Re: Issues with VSS and VDS on Win 2008 R2 SP1 cluster MSA2324i

i didn't have a solution but  merging info from http://h30499.www3.hp.com/t5/Disk-Array/Issues-with-VSS-and-VDS-on-Win-2008-R2-SP1-cluster-MSA2324i/m-p/5737973#.UA-pR7Q0OSp and this http://h30499.www3.hp.com/t5/Disk-Array/CAPI-VDS-VSS-problems/td-p/5695987 I concluded that:

 

The capi ( wich is used by vss and vds to communicate with the san ) get info from the first lun about the san capabilities.

if the lun is owned by the node ok, otherwise if it is reserved by another node fail.

 

the thing that pointed me to this was the combination of this from the first thread

 

Jul 24, 2012 14:00:54.661: discoverRaidControllers() returning 0x00000000

Jul 24, 2012 14:00:54.661: capiGetHbaWwpnList(): returning 0x00000000

Jul 24, 2012 14:00:54.768: StartingLun = 1

Jul 24, 2012 14:00:54.768: StandardVolumesAreSupported = 2

Jul 24, 2012 14:00:54.768: m_deviceIdDescriptor.m_cIdentifiers=2

 

and the the second thread quoted

 

in the second thread  thread quoted above the quorum is ther first lun mapped  and i suspect that for the second thread  the first lun was owned by the node who is able to do hw snapshot.

 

i'had the same problem but none was unable to fix it ( even HP support ) but the mix of this two thread, a new p2000 install and a sleepless night i think sheds new light on the problem.

 

the first test in my environment ( moving the cluster resorce to the second node ) made the storage for manager show lun info in the second node, but i'm sure that is not a real solution.
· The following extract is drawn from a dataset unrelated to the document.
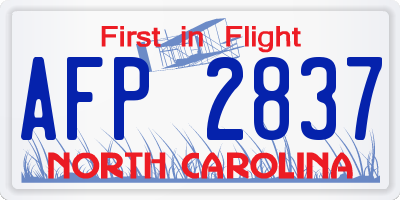 NC license plate AFP2837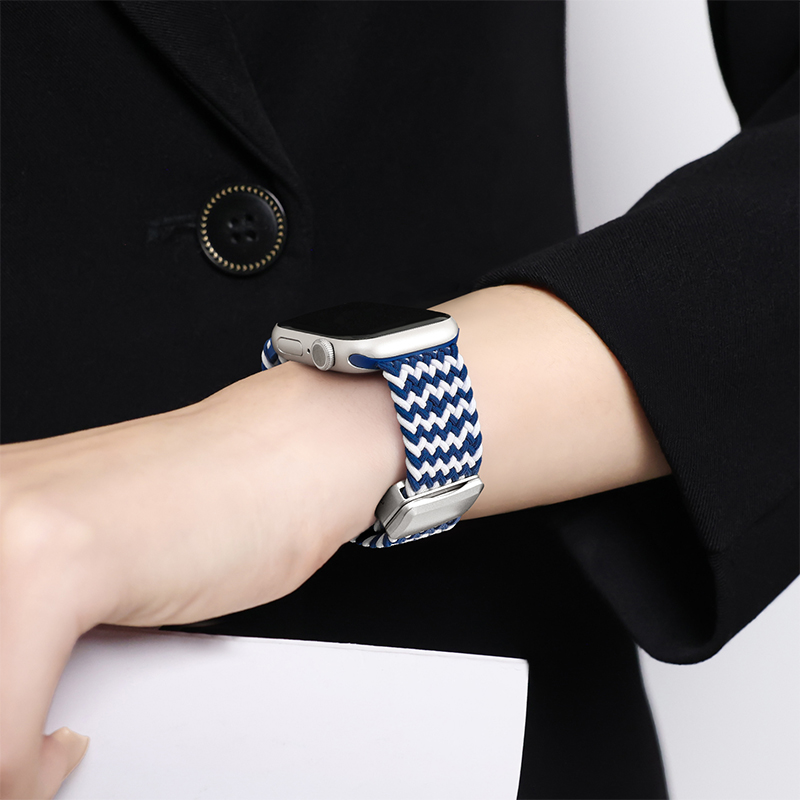 适用于苹果iwatchs10手表表带可爱小猫尼龙编织applewatchs9/s8夏季运动磁吸SE手表带Ultra2/1男女款小众腕带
in my next test i think i will map a dedicated ( non clustered ) lun as first lun on every node and i believe that work around fix somewhat the problem.

 

I understand that it's not a even a solution especially  if you have lot's on node on a iscsi msa2000 (pleas read this even if maybe it's resolved on newer firmware ) http://www.hyper-v.nu/archives/hvredevoort/2011/01/array-firmware-as-a-limiting-factor-in-r2-clusters/ but if this workaround works maybe we are able to contact HP support with a clear problem and something that we can claim is a bug to be fixed

 

may the force be with us

Manfri
Frequent Advisor

Re: Issues with VSS and VDS on Win 2008 R2 SP1 cluster MSA2324i

Update: from a quick test (only vds capability but previously that test was conclusive) i've seen that the problem is fixed

Tested with firmware T250R16-01 with capi proxy/vds/vss 2.8.4.39 

 

from releases notes also

 


» Version: 2.8.3.27 (20 Jun 2012)
Fixes

Upgrade Requirement:
Recommended - HP recommends users update to this version at their earliest convenience.

Version : 2.8.3.27

Addressed a buffer overrun on systems with a large number of master volumes
Enhancements

The following enhancements and fixes were incorporated in 2.8.2.27:

Added support for HP P2000 G3 MSA Controller TS240 firmware.
Added support for up to 32 arrays and 32 HBA ports on a single system.
Improved device discovery and debug logging.